In May 1920 the question of the formation of a Third Division of the Football League with Northern and Southern sections was considered at a meeting in Sheffield and it was decided to proceed with the proposal. The Northern clubs unanimously carried a resolution that the formation of a Third Division was in the best interests of football, pledging themselves to everything in their power to facilitate its adoption: but the following month it was announced that, subject to obtaining the consent of the F.A. a Third Division of the Football League would be formed for 1920-21 with such division being composed entirely of clubs from the Southern League. The clubs in the proposed Northern Section did not commend themselves to the Management Committee as being suitable and it was agreed that the matter would be further considered the following season.

The Northern clubs convened a meeting at the Grand Hotel, Manchester on June 3 rd 1920 and passed the following resolution: “That those present do all they possibly can do to press forward with the programme for the 1921-22 season” A committee was elected with Southport’s own Edwin Clayton as its Secretary. A Northern Section of the Football League Division III now appeared a real possibility, but would Southport be admitted?

The 1920-21 season was completely overshadowed by the club’s attempt to gain admission to the proposed Third Division North. Secretary Edwin Clayton played a large part in its formation but the voting could not have been much closer.

At a special meeting of the Football League held at the Connaught Rooms, London on March 7th 1921 Southport were one of twenty-eight applicants for the proposed Northern Section. After the First and Second Division clubs agreed to the formation of the section on the recommendation of the Football League Management Committee it was proposed that fourteen clubs be elected en bloc. This was passed unanimously. Thus Accrington Stanley, Ashington, Barrow, Chesterfield, Crewe Alexandra, Darlington, Durham City, Hartlepools United, Lincoln City, Nelson, Rochdale, Tranmere Rovers, Walsall and Wrexham were accepted. A ballot was then taken to admit four more and those who received the most votes were Wigan Borough with 34 and Halifax Town, Stalybridge Celtic and Southport with 25 votes each. For the record, the unsuccessful clubs were Castleford Town(18), Rotherham Town(13), Blyth Spartans(9), Gainsborough Trinity(8), Doncaster Rovers(6), West Stanley(6) Wakefield City(6), Lancaster Town(3), Scunthorpe(3) and South Liverpool (1). The Division was made up to twenty clubs by the inclusion of Stockport County who dropped down from the Second Division and Grimsby Town who were transferred over from the Southern Section.

Mr Clayton who represented the Southport club together with committee member Walter Parkinson, could take satisfaction from the fact that thirteen years after first proposing a Third Division his ambition had been realized. On a later occasion he was presented with an inscribed gold watch on behalf of the clubs in appreciation of his efforts.
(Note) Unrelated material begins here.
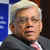 Everyone had a temporary setback because of GST: Deepak Parekh, HDFC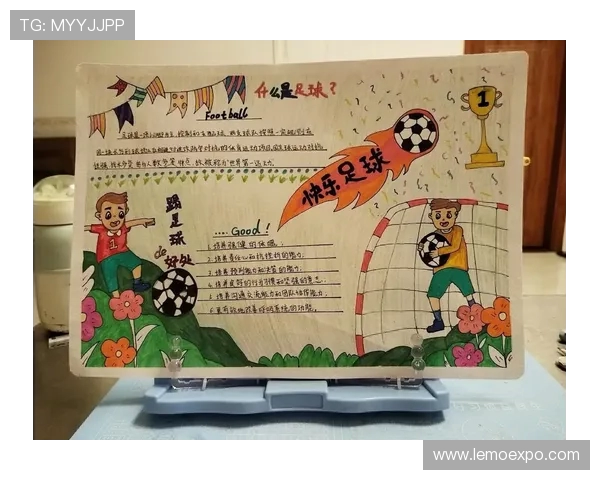 广州足球队实力分析与未来发展展望聚焦足球的魅力与挑战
Southport ’s last season in the Central League saw them finish in eighteenth position with 32 points from their 42 games. The most impressive feature of 1920-21 on the field was the Billy Semple, Tom Dorward and Harry Schofield benefit match in April which attracted a new record crowd of 7000 to the Haig Avenue enclosure, Ash Lane having recently been renamed in recognition of Earl Douglas Haig, who had been made a Freeman of the Borough the previous year.

On April 4th 1921, at a wildly enthusiastic public meeting at the Temperance Institute Assembly Rooms, with hundreds of supporters unable to gain admission the club once again became a Limited Liability Company with a share capital of £4000 divided into 8000 ten shilling shares. The qualification for directorship was then only twenty shares and the members of the first board were Richard T. Bentley (Chairman), Fred Lawlor, Walter Parkinson M.B.E, Fred Read, Fred W.Hyde, John W. Robinson, Sam H. Banner, Arthur E.Hindley, Henry Watchorn and John H. Preston. The club issued a prospectus explaining that it was being formed to promote “Football, cycling, cricket, trotting, tennis, bowls, pedestrian tournaments, athletic sports, fetes and galas” The new Southport Football Club was thus launched and after forty years of courageous and determined endeavour, the town was at last firmly on the football map.